NSF Grant Funds Research on Islamicate Manuscript Transcription Methods
August 02, 2022
The innovative humanities-computer science collaboration will enable tools for accurate and automatic transcription of Arabic script.
By Jessica Weiss ’05
The University of Maryland has received a nearly $300,000 grant from the National Science Foundation that will support efforts to improve the way handwritten documents from the premodern Islamicate world—primarily in Persian and Arabic—are turned into machine-readable text for use by academics or the public.
Assistant Professor Matthew Thomas Miller and Mellon Postdoctoral Fellow Jonathan Parkes Allen, both of the Roshan Institute for Persian Studies, will work with researchers at the University of California San Diego (UCSD), led by computer scientist Taylor Berg-Kirkpatrick, on the innovative humanities-computer science collaboration. UCSD received its own $300,000 award.
Over three years, the researchers will work in the domain of handwritten text recognition, which are methods designed to automatically read a diversity of human handwriting types with high levels of accuracy.
“This work has the potential to remove substantial roadblocks for digital study of the premodern Islamicate written tradition and would be really transformative for future studies of these manuscripts,” Miller said. “We are very grateful to the NSF for its support.”
This latest research proposal builds on a number of ongoing efforts to develop open-source technology to expand digital access to manuscripts and books from the premodern Islamicate world in Arabic, Persian, Ottoman Turkish and Urdu; Miller currently leads an interdisciplinary team of researchers on a $1.75 million grant from the Mellon Foundation as well as a $300,000 grant from the National Endowment for the Humanities.

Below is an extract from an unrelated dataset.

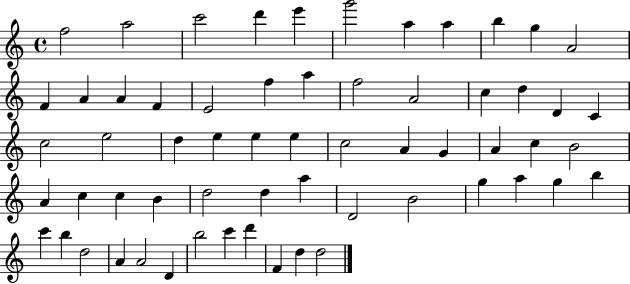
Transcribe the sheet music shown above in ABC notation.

There are hundreds of thousands—perhaps even millions—of premodern Islamicate books and manuscripts spanning over 1,500 years, from the 7th–19th centuries, forming perhaps the largest archive of cultural production of the premodern world. Scanning and digitization efforts over the last decade have made images of Islamicate manuscripts in a large number of collections available to the public. However, they remain mostly “locked” for digital search and manipulation because the text has not been transcribed into digital text.
The task is made more difficult by the diversity and intricacy of many Arabic manuscripts, said Allen, who is a historian of early modern Ottoman religious and cultural history. They may be written alongside diagonal notes, annotations and corrections, in multiple colors and “hands.”

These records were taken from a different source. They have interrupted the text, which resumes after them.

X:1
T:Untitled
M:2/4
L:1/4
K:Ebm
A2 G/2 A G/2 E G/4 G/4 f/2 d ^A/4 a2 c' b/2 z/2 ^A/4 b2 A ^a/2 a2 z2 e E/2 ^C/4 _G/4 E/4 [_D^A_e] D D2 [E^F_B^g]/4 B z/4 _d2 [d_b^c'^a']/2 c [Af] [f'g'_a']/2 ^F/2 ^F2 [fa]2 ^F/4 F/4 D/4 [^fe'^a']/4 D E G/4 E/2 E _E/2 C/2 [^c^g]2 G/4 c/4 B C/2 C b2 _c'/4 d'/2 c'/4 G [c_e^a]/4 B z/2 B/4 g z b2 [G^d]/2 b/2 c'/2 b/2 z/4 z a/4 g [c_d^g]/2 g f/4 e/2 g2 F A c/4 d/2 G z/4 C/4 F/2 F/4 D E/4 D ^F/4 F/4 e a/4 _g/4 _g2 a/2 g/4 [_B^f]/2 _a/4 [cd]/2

Under the NSF grant, researchers will develop new techniques that remove the need for extensive manual—or human—labor, a method known as “unsupervised” transcription. Eventually, the tools under development will produce models that will be able to automatically transcribe large quantities of Persian and Arabic script in a multitude of different styles with substantially higher degrees of accuracy than is currently possible.
“The Arabic script tradition is so extensive and so broad,” Allen said. “People need to be able to read these manuscripts, search within them, and integrate them into their research.”